Mas como isso pode ser feito numa dissertação, gênero textual que possui exigências e limites muito claros, além de uma estrutura marcadamente fixa? Bem, a ironia é que, dentre as exigências, temos a autoria: é preciso ser autoral, mesmo escrevendo um texto aparentemente igual a todos os outros. A boa notícia é que é possível impactar o corretor a partir de um projeto de texto que, mesmo previsível pela sua formatação, ainda pode ser surpreendente.
Então, como surpreender nosso “inflexível” corretor? Por meio de gentilezas, como na canção “Foguete”. Explico a analogia: se você já sabe os critérios exigidos para a produção da redação, basta escrever sob o comando deles, cuidando, portanto, de aspectos como coerência, coesão, fidelidade à estrutura do discurso dissertativo-argumentativo e emprego da norma-padrão da língua.
Até aí, nenhuma novidade, certo? Porém, entenda: satisfazer à expectativa da banca corretora já é um ótimo começo (para não dizer fundamental), o que também se revela um gesto cortês de corresponder ao que se espera de você. Além disso, há outros recursos que podem ser mobilizados com o mesmo fim: escolha vocabular (com precisão e sem repetições), inversões sintáticas (mostrando seu domínio linguístico), repertório sociocultural realmente produtivo (não apenas como cumprimento de uma norma), raciocínio límpido (de fácil e rápido entendimento) e argumentação convincente.

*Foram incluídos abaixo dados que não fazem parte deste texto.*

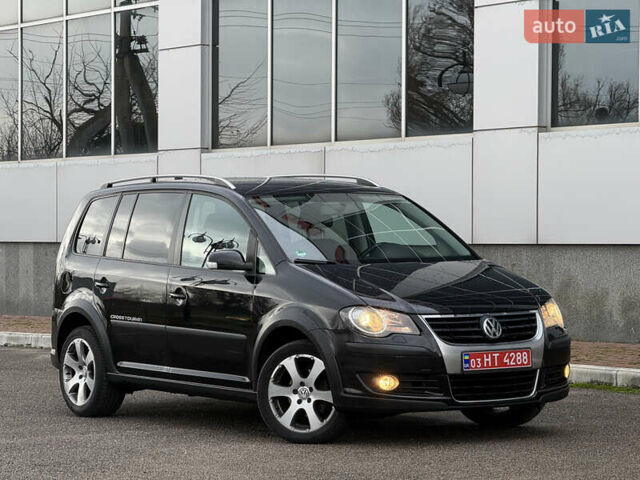 Черный Фольксваген Кросс Туран, объемом двигателя 0 л и пробегом 219 тыс. км за 8500 $, фото 31 на Automoto.ua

Sim, a escrita de um texto bem-sucedido é sempre desafiadora, daí a necessidade de empenho, prática, avaliação, revisão, resiliência, reescrita, muita leitura… E há ainda um último elemento, com o qual resgato o conceito de gentileza que encontrei na canção e nas palavras de minha aluna.
É preciso escrever como quem, de fato, pretende oferecer algo agradável ao leitor. Ainda que “segundas intenções” (nada condenáveis aqui) possam estar envolvidas no ato, que elas venham acompanhadas do desejo genuíno de transformar uma atividade considerada por muitos fria e hostil (pela complexidade e por tudo que encerra) numa prática agasalhadora para todos. Refiro-me a um propósito honesto de fazer bem o que fará bem a todos os envolvidos no processo.

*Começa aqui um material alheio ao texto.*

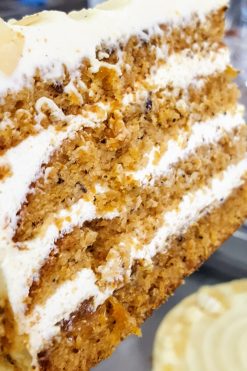 Alternative view of Tort carrot cake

No fim, o bem é o que cada um busca para si, e quando tal busca envolve a partilha com o outro, todos são beneficiados – isso é mais possível do que utópico, acredite!
Ainda envolvido por essa atmosfera de autoajuda e otimismo, asseguro que o bem quando compartilhado produz os resultados esperados! Para comemorar, a gente até sente vontade de soltar foguete (como na canção, como nas festas juninas de outrora), mas a gente não solta, não – por causa dos animaizinhos, ora!